CodeMeaningTypical action
200SuccessProcess response
400Validation or business-rule failureFix request payload/parameters
401Missing/invalid authCheck API key and header
403Permission deniedVerify key scope/role
404Resource not foundValidate IDs/paths
410Gone (e.g., consumed/expired deposit token)Regenerate token/session
413Payload too largeReduce payload size
429Rate limit reachedRetry with backoff
500Internal server errorRetry later and contact support if persistent

Retry strategy

Retry only transient failures:

  • 429, 500, network timeout/connection issues

Do not blindly retry:

  • 400, 401, 403, most 404 (unless eventual consistency is expected)

Recommended backoff:

  • Exponential backoff + jitter (for example 1s, 2s, 4s, 8s with randomness)
  • Max attempts: 3-5 depending on operation criticality

Safe integration patterns

  • Treat all amount fields as decimal strings.
  • Use your own idempotency reference (referenceId) to prevent duplicate business actions.
  • Log request context (route, status, payload hash, timestamps) without logging secrets.

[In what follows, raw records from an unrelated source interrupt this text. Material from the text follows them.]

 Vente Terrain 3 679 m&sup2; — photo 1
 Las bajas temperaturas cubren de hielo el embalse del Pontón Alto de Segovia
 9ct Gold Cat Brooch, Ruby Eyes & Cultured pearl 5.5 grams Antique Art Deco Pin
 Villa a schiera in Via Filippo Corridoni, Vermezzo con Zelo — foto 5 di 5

Example error handling (Node.js)

const response = await fetch(url, options);
const body = await response.json().catch(() => ({}));

if (!response.ok) {
  if ([429, 500].includes(response.status)) {
    // retry with backoff
  } else {
    // handle as non-retryable
    throw new Error(body.error || `HTTP ${response.status}`);
  }
}

When to contact support

Reach out with:

  • environment (staging or production)
  • endpoint + approximate timestamp (UTC)
  • status code + response body snippet
  • correlation/request ID if available

Contact: [email protected]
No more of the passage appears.